Below are the records; repeat exactly their lines between the line holding "Scottish Highland Cattle in the snow" and the line holding "Village Weaver", inclusive, skipping the pictures.

DATA FOR THIS TASK —
[Start of Attachment]

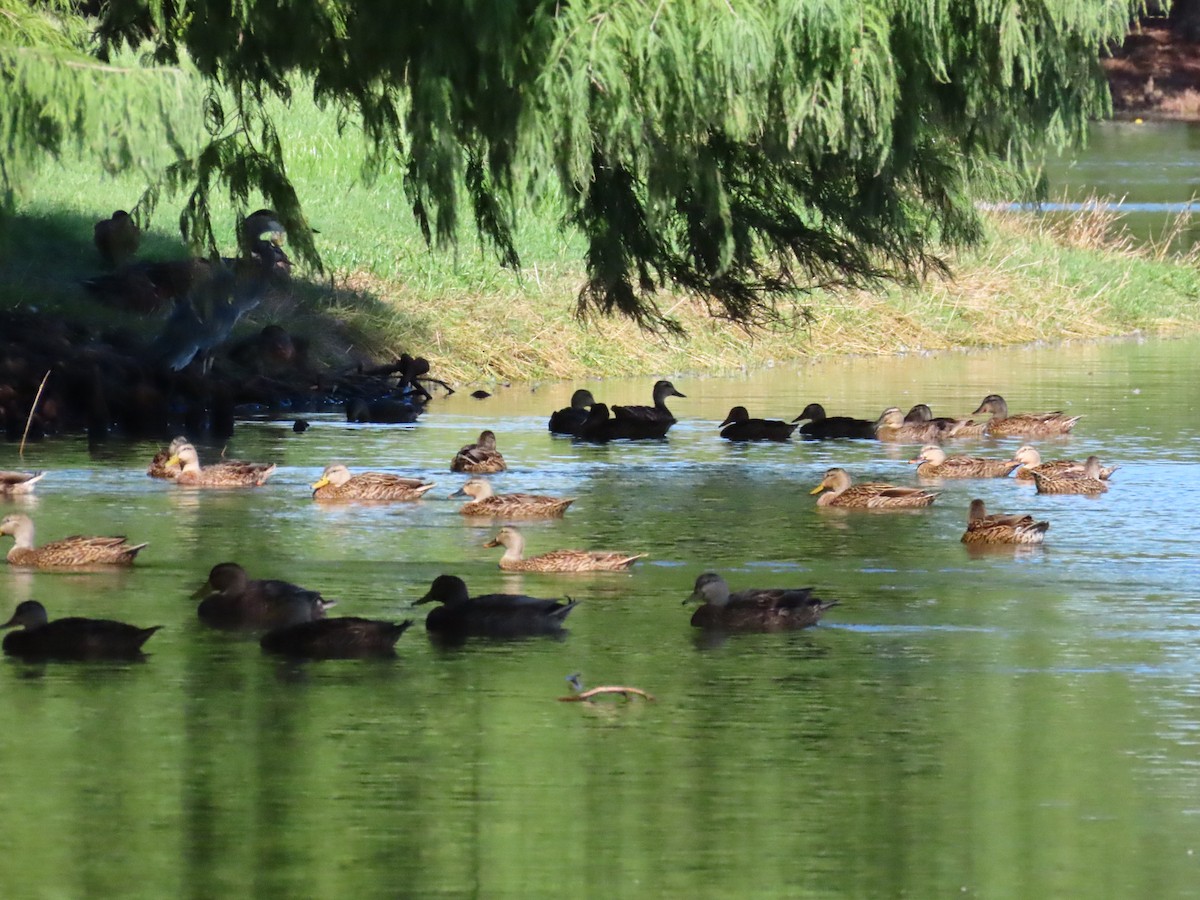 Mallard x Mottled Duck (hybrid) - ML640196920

[End of Attachment]
[Start of Attachment]

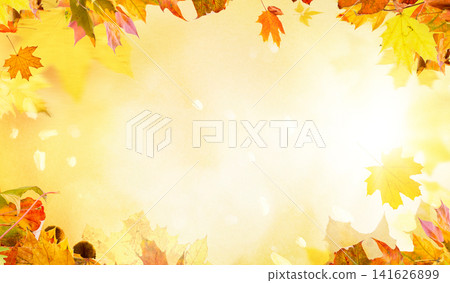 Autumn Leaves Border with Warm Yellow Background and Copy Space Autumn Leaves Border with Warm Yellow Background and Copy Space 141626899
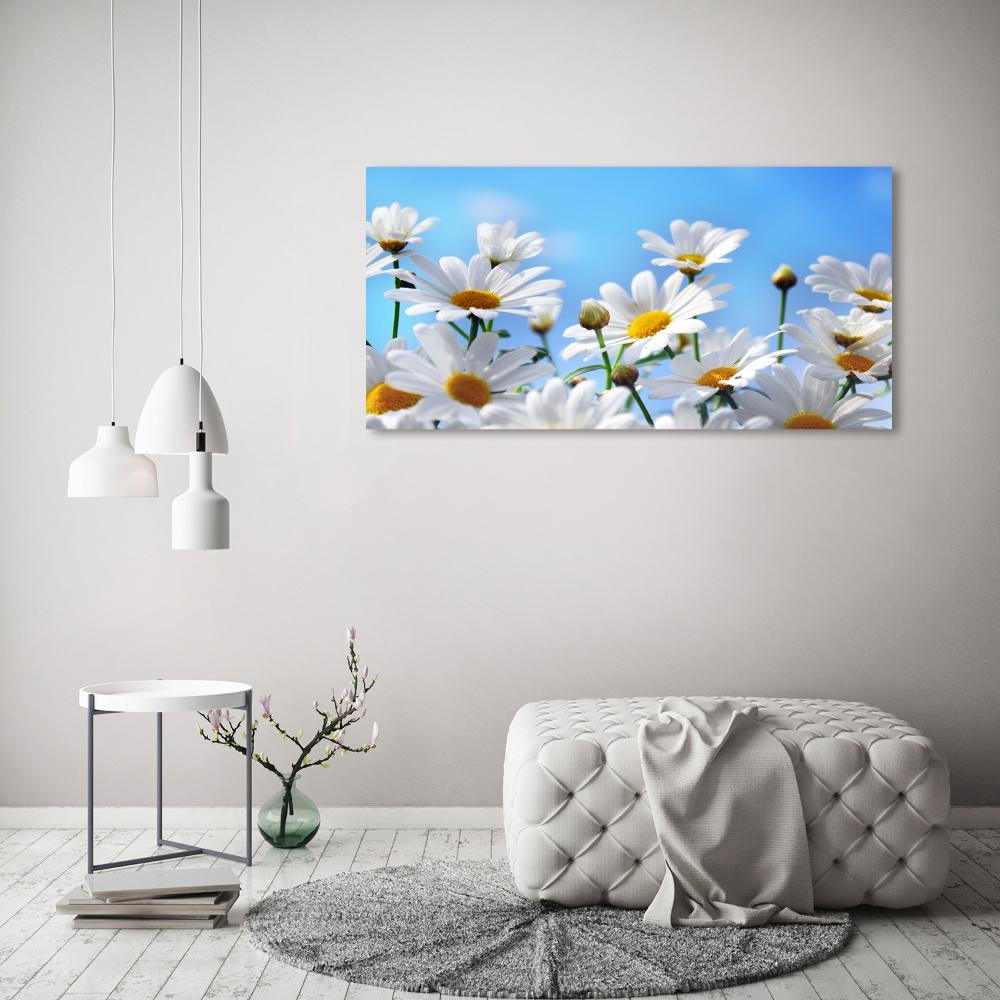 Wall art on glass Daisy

[End of Attachment]
[Start of Attachment]

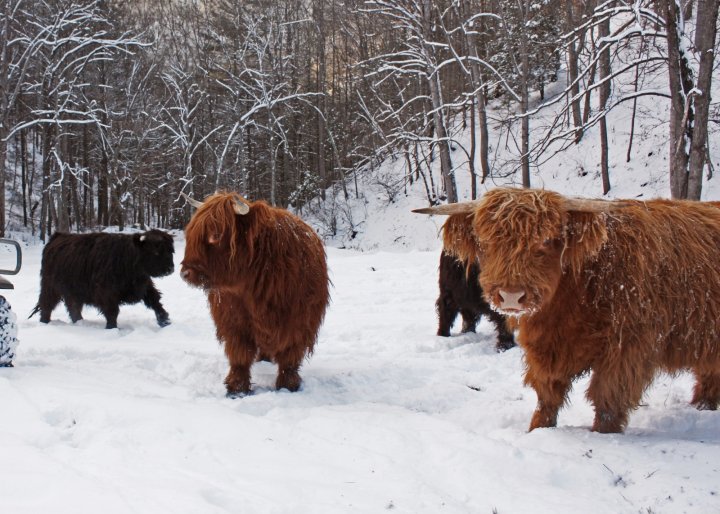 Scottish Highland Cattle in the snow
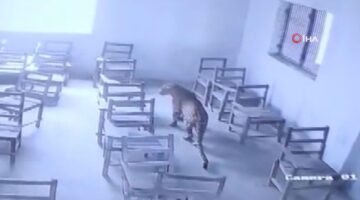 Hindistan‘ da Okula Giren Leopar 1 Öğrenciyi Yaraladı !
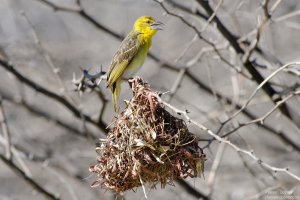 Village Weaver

[End of Attachment]

RESPONSE TO THIS EXERCISE —
 Scottish Highland Cattle in the snow
 Hindistan‘ da Okula Giren Leopar 1 Öğrenciyi Yaraladı !
 Village Weaver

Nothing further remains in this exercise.